At the moment, the workaround is to use register_hook
directly on the specific Tensors that you want to change.
For my use case, using register_hook
would work as there is only one layer of gradients that I want to target and modify on the backward pass. What’s the best way of implementing this?
Hi,
Could you give more details (or a small code sample) of what you want to do exactly? That way I can give you an exact code sample.
I’ve included some sample code below. I am trying to mask the gradients of layer1
in this example. As you can see, I’m zeroing out the weights upon initialisation.
class MaskedLinear(nn.Module):
# Currently unused. Intended for backward hook.
def _zero_grad_mask(self, module, grad_input, grad_output):
new_grad = Variable(
torch.Tensor(grad_input[0].shape).cuda().masked_scatter_(self.indices_mask_tensor, grad_input[0].data)
)
return (grad_input[0], None, new_grad)
def __init__(self, in_features, out_features, indices_mask):
super(MaskedLinear, self).__init__()
self.linear = nn.Linear(in_features, out_features).cuda()
good_weights = self.linear.weight.data[indices_mask]
self.linear.weight.data[:] = 0 # zero all weights out
self.linear.weight.data[indices_mask] = good_weights # populate good weights
self.indices_mask_tensor = torch.ByteTensor(out_features, in_features).cuda()
self.indices_mask_tensor[indices_mask] = 1
def forward(self, input):
# Repeating original masking here is currently used, and works as a hack, but is incredibly slow.
good_weights = self.linear.weight.data[self.indices_mask]

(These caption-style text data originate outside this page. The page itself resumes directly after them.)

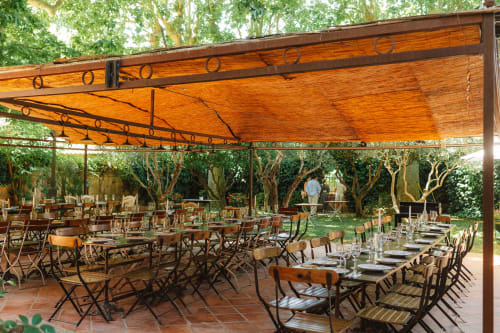 Espace de restauration en plein air à l'Auberge du Parc de Correns avec pergola bois, tables dressées et arbres matures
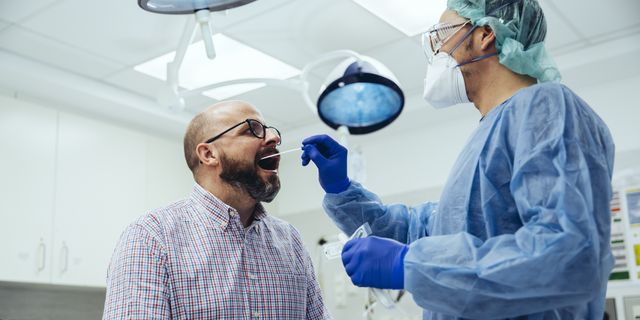 doctor in hospital taking a swab from patient's mouth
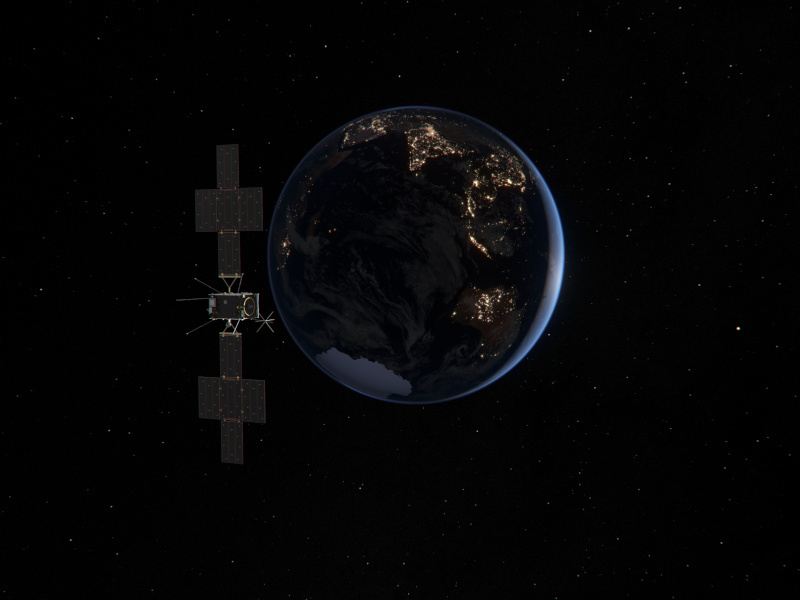 A dark photo of Earth with the JUICE spacecraft on the left in space.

self.linear.weight.data[:] = 0
self.linear.weight.data[self.indices_mask] = good_weights
return self.linear(input)
class Model(nn.Module):
def __init__(self):
super(Model, self).__init__()
self.layer1 = MaskedLinear(in_dim, out_dim, mask)
def forward(self, x):
x = F.relu(self.layer1(x))
return x
Hi,
In that case, you can register the hook directly on self.linear.weight
. See the sample below:
import torch
from torch import nn
l = nn.Linear(5, 5)
inp = torch.rand(3, 5)
print("original weights")
print(l.weight)
opt = torch.optim.SGD(l.parameters(), lr=0.01)

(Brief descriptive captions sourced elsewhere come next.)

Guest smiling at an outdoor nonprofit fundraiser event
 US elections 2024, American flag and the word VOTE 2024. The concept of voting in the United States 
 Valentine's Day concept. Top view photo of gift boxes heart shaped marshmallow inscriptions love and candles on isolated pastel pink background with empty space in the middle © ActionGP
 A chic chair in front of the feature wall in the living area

mask = torch.rand(5, 5).gt(0.5)
print("our mask")
print(mask)
def hook_fn(grad):
# You are not allowed to modify inplace what is given !
out = grad.clone()
out[mask] = 0
return out
# Registering the hook only once. This can be done in
# MaskedLinear's __init__ function
l.weight.register_hook(hook_fn)
print("Loss goes down")
for _ in range(50):
loss = l(inp).abs().sum()
opt.zero_grad()
loss.backward()
opt.step()
print(loss)
print("only some weights have changed")
print(l.weight)
Hi,
I have a complex module where I want to have gradient back prop over a specific region of input. Can I do this in the forward function on the input?
def forward(self, input):
self.loss = nn.MSELoss(input, self.target)
def hook_fn(grad):
return grad * self.mask // where mask is a binary mask defined to be a subset of input
input.register_hook(hook_fn)
return input
Hi,
Yes registering a hook on the Tensor of interest during the forward is the way to go.
Hi, thanks for your reply. I have a question inside the hook_fn.
Why you use grad.clone() inside the hook function, can’t we just use
def hook_fn(grad):
grad[mask] = 0
return grad
I notice your comment “you are not allowed to modify inplace what is given”
Does this mean we need to clone gradient inside register_hook functions for tensors?
Since the tow functions have the same return values.
Thanks a lot.
Hi,
Yes you have to clone it if you plan on doing inplace changes!
This grad Tensor might be used in other places in the autograd and changing its value inplace can lead to silently wrong gradients!